Studio album by The Mr. T Experience
- Released: 1988 (re-released 1996)
- Recorded: December 1987
- Genre: Punk rock, pop punk
- Label: Rough Trade, Lookout!
- Producer: Kent Steedman

The Mr. T Experience chronology
| Everybody's Entitled to Their Own Opinion (1986) | Night Shift at the Thrill Factory (1988) | Making Things with Light (1990) |

= Night Shift at the Thrill Factory =

Night Shift at the Thrill Factory is the second album by the Berkeley, California punk rock band The Mr. T Experience, released in 1988 by Rough Trade Records. Lookout! Records re-released the album in 1996 with a number of bonus tracks.

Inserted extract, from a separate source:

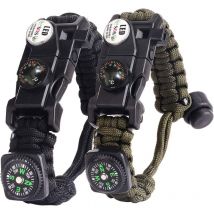 Bracelet de corde de parachute de survie pour hommes et femmes, kit de bracelet de corde de parachute militaire avec silex + boussole + thermomètre +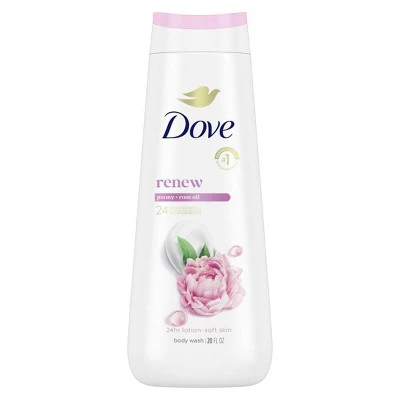 Dove Renew Body Wash Peony & Rose Oil 24hr Lotion-Soft Skin Vegan 20 fl oz - New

The album continued the band's pop punk style, with some more intellectual elements beginning to appear. Songs like "Velveeta" and "The History of the Concept of the Soul" became standards in the band's live set for several years following, the latter essentially being band leader Dr. Frank's college thesis condensed into an 80-second song. The song "Now We Are Twenty-One" was featured in a scene in the 1996 movie Glory Daze starring Ben Affleck, in which the main characters perform a cover of the song as the house band at their party. The film's soundtrack also includes two of the band's mid-1990s songs, "I Just Wanna Do it With You" and "Even Hitler Had a Girlfriend."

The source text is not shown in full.